Much has been written about the IETF Draft “Client subnet in DNS requests” that Google started a year or so back also known as The Global Internet Speedup.  Some of it has been good, some of it bad, some of it very misinformed.  I thought I would take a few minutes and pile on a bit more!

In summary, I am in favor of the work but think the problem it tries to solve is small and specific to the users who adopt services like Google’s and OpenDNS – hence them developing it. More importantly I think the Load Balancing DNS systems used by many CDNs are not accurate enough with the current set of Local DNS IPs and might get worse if they are asked to consider device IPs.

The problem this draft address has been around for over 15 years and contemplated for just as long, predating all involved in the current conversation.

The first time a content owner placed the same content on two different servers, the need for local load balancing arose.  And then, when they put those servers in different geographic locations, the need for global load balancing – or selecting between distributed sites – arose. Load Balancing DNS was one of the early solutions developed to solve the issue of directing devices to these distributed servers, and it’s still in use by many today.

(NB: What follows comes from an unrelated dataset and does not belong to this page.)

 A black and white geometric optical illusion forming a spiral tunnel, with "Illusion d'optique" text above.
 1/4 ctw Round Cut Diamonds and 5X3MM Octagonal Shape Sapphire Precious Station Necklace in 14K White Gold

First some background on DNS…

DNS maps human-readable hostnames (www.highwinds.com) to device-readable IP addresses (69.16.184.153) in addition to other things.  All Internet-connected devices (clients), regardless of the operating system in use, are configured – either manually or programmatically using protocols like DHCP – with the IP address of a Local DNS (resolver).  Once configured, this bootstrapping allows the device to send any and all questions pertaining to DNS to their defined Local DNS.  The Local DNS then has the more difficult job of navigating the larger DNS system to find an answer to the device’s question by consulting Authoritative DNS servers.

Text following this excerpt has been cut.